- Opening Delimiter -

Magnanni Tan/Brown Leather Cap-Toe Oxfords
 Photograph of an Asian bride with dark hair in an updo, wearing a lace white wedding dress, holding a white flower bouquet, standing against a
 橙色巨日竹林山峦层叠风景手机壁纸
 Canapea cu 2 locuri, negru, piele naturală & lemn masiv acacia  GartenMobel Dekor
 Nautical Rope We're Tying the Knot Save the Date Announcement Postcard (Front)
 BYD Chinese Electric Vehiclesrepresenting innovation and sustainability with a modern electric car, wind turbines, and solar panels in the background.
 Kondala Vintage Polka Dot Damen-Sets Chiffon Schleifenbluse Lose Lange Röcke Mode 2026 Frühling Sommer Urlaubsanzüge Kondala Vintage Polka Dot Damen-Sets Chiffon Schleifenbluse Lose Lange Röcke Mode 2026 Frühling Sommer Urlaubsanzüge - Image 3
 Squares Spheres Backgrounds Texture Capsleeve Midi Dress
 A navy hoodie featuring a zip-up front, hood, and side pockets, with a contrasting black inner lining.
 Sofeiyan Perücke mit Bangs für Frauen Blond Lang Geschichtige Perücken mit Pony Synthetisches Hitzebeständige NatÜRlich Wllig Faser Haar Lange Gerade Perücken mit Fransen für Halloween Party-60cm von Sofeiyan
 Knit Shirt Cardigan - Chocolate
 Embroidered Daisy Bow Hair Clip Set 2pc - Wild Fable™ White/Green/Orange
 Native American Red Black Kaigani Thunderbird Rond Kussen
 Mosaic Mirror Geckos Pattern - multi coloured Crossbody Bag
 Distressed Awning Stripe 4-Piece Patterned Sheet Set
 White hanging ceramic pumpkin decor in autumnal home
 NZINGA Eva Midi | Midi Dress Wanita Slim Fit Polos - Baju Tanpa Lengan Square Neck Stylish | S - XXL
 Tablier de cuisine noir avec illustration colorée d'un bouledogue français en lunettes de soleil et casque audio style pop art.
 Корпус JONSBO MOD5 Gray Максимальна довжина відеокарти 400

- Closing Delimiter -

[REQUIRED ACTION]
Word for word, give back all the lines above.

[TASK RESULT]
Magnanni Tan/Brown Leather Cap-Toe Oxfords
 Photograph of an Asian bride with dark hair in an updo, wearing a lace white wedding dress, holding a white flower bouquet, standing against a
 橙色巨日竹林山峦层叠风景手机壁纸
 Canapea cu 2 locuri, negru, piele naturală & lemn masiv acacia  GartenMobel Dekor
 Nautical Rope We're Tying the Knot Save the Date Announcement Postcard (Front)
 BYD Chinese Electric Vehiclesrepresenting innovation and sustainability with a modern electric car, wind turbines, and solar panels in the background.
 Kondala Vintage Polka Dot Damen-Sets Chiffon Schleifenbluse Lose Lange Röcke Mode 2026 Frühling Sommer Urlaubsanzüge Kondala Vintage Polka Dot Damen-Sets Chiffon Schleifenbluse Lose Lange Röcke Mode 2026 Frühling Sommer Urlaubsanzüge - Image 3
 Squares Spheres Backgrounds Texture Capsleeve Midi Dress
 A navy hoodie featuring a zip-up front, hood, and side pockets, with a contrasting black inner lining.
 Sofeiyan Perücke mit Bangs für Frauen Blond Lang Geschichtige Perücken mit Pony Synthetisches Hitzebeständige NatÜRlich Wllig Faser Haar Lange Gerade Perücken mit Fransen für Halloween Party-60cm von Sofeiyan
 Knit Shirt Cardigan - Chocolate
 Embroidered Daisy Bow Hair Clip Set 2pc - Wild Fable™ White/Green/Orange
 Native American Red Black Kaigani Thunderbird Rond Kussen
 Mosaic Mirror Geckos Pattern - multi coloured Crossbody Bag
 Distressed Awning Stripe 4-Piece Patterned Sheet Set
 White hanging ceramic pumpkin decor in autumnal home
 NZINGA Eva Midi | Midi Dress Wanita Slim Fit Polos - Baju Tanpa Lengan Square Neck Stylish | S - XXL
 Tablier de cuisine noir avec illustration colorée d'un bouledogue français en lunettes de soleil et casque audio style pop art.
 Корпус JONSBO MOD5 Gray Максимальна довжина відеокарти 400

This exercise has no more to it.